I do not know any article perse but there are lots of indirect
materials written by famous collectors during the colonial period who
travelled widely in Korea in the 1920s and 1930s buying and selling.
The include Asakawa Hakkyo, Asakawa Takume, Yanagi Soetsu etc. They
were part of an organization called the "Chosen Kogei Kenkyukai" ,In
the 1930s , this society attracted enough members and fans to put on
exhibitions at departments stores like Takashimaya in Tokyo. They
published a series of thick catalogues for sale.
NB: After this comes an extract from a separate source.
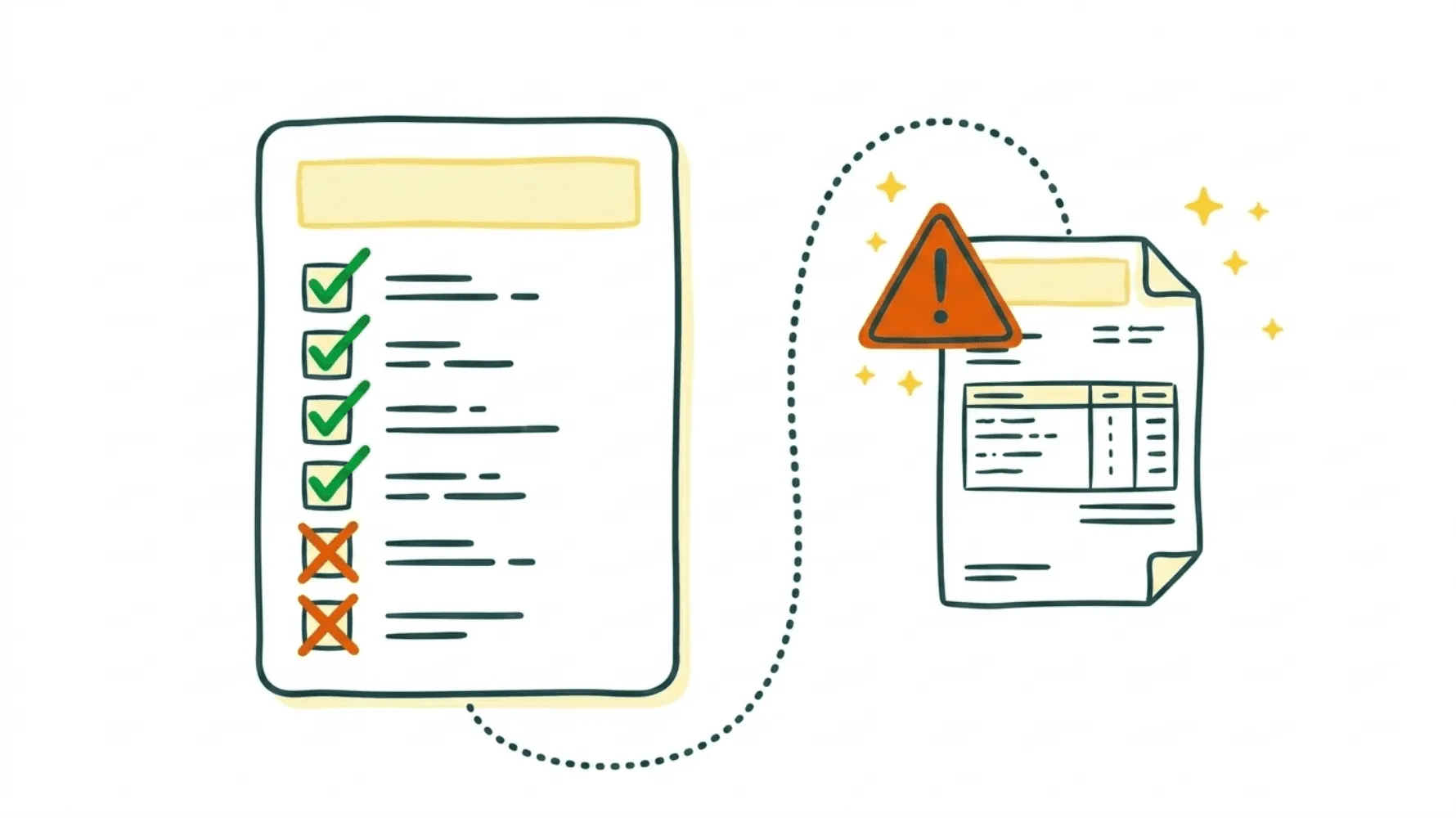 Liste de vérification avec des éléments cochés en vert et deux éléments marqués d'une croix rouge, reliée par une flèche pointillée à un document avec un triangle d'alerte orange, symbolisant les limites de QuickBooks en comptabilité fournisseurs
Their sponsors were also rich collectors and antiquity dealers who
had branches in Seoul and Tokyo. Their exhibition catalogues include
not only Nangnang antiquities but the whole range of Korean pottery
from Paekche to Punch'ong. The biggest zaibatsu Suntory and Ogura
Pre-war collections are now part of the collections exhibited at the
Osaka Museum of Oriental Ceramics
It seems there was a vibrant market and this is also confirmed by the
number of local preservation societies at historical capitals like
Kyungju, Puyo, Kaesong, Pusan etc.
Song Sok-ha's biographies also contain many references to how he had
to compete with these Japanese collectors to get the best deals at
their favorite shops. The information also travelled fast when a "good
piece"-obviously looted from a grave site, appeared on the market. It
was definitely a supply and demand market place at that time and quite
international at that.
They also wrote articles introducing the history of Korea art and
especially ceramics as well as colonial ceramic industries in official
colonial government journals such as "Chosen" and "Chosen Iho ."
Hope this helps. If you type in the names of these colonial collectors
in Chinese characters in Japanese google or wikipedia-books on these
collectors published both in Korea and Japan also show up.
As for modern art, recent issues of Misulsa Nondan I believe have
articles on modern art exhibitions in Taiwan and Chosen and how they
fared, but I do not think they dealt with the market.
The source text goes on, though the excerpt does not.